While the feminism grotesque lore is fresh, the narrative sinks Black Christmas down.
Black Christmas offers a progressive premise incorporating feminism and home-invasion slasher. It’s a well-intended remake of Bob Clark’s slasher classic of the same title. The idea is not highly revolutionary, but, from the corner of the eye, it is commendable in an idea-pitching award. Unfortunately, that’s not the case. The remake falls where it should not be.
The feminism-invasion slasher takes place in sorority houses where a survivor, Riley (Imogen Poots, Green Room) and other sorority women are terrorized by black-hooded killers with some medieval weapons. The killers are no other than some frat boys—endorsed by a supernatural force that doubles down their patriarchal pride which has made them somehow invincible. Only after the women began to speak up, the male supremacist force started to feel the urge to supernaturally enable the male underlings—those linked with the perpetuity of toxic masculinity, rape culture, white supremacist, and, basically, everything against #MeToo movement.

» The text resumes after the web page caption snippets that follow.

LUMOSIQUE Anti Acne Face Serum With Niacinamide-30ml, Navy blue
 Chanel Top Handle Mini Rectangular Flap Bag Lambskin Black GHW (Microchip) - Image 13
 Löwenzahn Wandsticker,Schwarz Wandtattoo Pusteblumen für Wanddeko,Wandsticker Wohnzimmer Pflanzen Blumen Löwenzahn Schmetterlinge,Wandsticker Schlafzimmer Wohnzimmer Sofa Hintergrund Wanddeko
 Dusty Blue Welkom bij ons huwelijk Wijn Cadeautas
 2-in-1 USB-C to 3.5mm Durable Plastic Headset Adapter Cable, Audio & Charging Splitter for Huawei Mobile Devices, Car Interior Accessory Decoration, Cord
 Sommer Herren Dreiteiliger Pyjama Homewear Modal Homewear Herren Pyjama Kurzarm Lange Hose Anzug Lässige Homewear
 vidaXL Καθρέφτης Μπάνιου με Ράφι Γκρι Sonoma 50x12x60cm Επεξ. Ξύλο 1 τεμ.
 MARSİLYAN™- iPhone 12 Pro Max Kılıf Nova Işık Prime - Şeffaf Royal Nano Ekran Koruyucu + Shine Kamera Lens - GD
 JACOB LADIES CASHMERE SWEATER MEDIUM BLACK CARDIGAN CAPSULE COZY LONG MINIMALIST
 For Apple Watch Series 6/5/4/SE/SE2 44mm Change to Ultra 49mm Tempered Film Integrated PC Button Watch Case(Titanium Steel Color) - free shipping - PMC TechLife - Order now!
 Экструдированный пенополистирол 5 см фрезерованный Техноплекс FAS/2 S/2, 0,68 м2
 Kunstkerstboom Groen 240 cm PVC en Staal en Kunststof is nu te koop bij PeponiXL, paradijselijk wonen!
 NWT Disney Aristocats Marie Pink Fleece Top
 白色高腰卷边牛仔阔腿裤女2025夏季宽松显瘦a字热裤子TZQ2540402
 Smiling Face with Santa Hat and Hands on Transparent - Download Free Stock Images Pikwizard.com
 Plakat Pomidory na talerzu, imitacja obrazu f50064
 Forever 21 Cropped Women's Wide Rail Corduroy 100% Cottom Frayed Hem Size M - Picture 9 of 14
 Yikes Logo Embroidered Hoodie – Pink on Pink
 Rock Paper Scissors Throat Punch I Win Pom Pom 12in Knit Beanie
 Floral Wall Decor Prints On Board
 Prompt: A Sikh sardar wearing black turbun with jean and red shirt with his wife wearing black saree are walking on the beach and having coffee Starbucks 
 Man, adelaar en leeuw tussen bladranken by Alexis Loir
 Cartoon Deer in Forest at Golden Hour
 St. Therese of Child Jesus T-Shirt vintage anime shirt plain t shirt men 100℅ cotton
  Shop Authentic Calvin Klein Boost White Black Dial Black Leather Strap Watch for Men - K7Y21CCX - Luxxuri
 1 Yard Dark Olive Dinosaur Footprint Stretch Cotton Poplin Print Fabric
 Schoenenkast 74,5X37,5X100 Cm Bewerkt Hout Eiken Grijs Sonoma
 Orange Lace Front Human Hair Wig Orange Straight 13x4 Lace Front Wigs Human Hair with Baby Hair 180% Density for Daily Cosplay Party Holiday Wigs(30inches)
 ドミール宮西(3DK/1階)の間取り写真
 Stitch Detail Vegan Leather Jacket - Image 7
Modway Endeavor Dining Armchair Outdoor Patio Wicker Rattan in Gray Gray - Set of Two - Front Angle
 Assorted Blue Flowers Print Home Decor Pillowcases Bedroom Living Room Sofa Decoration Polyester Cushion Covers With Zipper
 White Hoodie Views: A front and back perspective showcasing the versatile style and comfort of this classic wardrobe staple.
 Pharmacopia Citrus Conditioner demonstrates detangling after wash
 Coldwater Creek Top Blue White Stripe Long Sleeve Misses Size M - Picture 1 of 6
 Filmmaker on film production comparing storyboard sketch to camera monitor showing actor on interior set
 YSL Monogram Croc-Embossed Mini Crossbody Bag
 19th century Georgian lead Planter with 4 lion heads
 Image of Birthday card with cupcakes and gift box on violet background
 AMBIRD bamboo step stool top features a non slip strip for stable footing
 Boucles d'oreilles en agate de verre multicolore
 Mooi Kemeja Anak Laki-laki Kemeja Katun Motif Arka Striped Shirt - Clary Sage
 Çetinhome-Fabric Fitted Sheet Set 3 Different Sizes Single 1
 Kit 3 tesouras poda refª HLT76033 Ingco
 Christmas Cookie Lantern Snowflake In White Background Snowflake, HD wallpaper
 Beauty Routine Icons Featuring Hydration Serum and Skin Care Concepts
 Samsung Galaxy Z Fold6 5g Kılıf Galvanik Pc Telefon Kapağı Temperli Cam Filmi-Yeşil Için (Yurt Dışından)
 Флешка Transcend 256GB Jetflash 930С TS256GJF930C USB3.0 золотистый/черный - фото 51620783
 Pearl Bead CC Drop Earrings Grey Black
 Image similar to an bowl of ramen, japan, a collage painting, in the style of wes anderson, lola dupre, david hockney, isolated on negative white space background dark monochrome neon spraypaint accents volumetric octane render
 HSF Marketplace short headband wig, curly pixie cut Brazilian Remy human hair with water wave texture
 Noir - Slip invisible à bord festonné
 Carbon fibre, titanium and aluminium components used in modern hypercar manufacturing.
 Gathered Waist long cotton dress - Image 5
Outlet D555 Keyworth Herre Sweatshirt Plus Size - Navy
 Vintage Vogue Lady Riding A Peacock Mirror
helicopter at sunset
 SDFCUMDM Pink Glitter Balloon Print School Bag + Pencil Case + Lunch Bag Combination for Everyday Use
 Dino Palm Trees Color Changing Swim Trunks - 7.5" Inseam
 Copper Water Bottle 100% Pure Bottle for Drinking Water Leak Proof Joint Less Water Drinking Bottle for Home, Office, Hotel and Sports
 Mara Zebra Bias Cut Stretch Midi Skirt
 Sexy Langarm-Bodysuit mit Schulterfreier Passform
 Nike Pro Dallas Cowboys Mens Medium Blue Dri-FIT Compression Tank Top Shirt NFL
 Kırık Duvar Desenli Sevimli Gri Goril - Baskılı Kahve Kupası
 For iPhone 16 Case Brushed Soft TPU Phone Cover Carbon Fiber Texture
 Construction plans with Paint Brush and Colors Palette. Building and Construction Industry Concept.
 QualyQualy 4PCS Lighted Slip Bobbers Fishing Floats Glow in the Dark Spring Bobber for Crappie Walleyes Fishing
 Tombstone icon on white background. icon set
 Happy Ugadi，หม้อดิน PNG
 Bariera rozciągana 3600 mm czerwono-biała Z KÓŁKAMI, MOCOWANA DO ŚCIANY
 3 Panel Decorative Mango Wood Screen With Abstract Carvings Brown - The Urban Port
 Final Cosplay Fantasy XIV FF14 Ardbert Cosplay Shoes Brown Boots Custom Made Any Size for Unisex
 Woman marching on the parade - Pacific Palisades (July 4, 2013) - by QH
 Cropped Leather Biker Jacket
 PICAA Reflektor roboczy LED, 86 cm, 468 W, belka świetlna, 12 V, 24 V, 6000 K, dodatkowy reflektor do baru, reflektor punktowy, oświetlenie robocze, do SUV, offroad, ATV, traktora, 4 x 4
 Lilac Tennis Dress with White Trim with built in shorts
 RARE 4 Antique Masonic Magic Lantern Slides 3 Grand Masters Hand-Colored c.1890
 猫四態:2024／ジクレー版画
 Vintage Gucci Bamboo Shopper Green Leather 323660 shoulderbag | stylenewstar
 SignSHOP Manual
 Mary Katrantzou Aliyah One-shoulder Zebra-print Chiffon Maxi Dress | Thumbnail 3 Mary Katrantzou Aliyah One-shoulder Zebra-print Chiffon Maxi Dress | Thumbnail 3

The thing with Black Christmas is, it feels like some collections of Twitter arguments, which are randomly attached to a home-invasion thriller. Sophia Takal and April Wolfe’s script never tries to subtlety blend the elements altogether to create a moving, preposterous story. The final narrative output is rather campy, if not too tongue-in-cheek. Instead of making us sympathize with the characters, the script never gives us a proper attachment to the characters, even when we’re invited to Imogen Poots’ character time and time again.
With some poorly contrived jump-scares and non-memorable on-screen deaths, the horror doesn’t feel convincing as well. The final showdown is supposed to be the feminist feast, but the fun has never arrived. The movie’s lack of energy culminates in the final battle as well. Somehow, I felt very embarrassed and just want this to be over soon. It’s an enticing idea they offer, but it’s the very same enticing idea they stained with the execution.
In the end, you’ll wonder where’s the Christmas but the setting of time?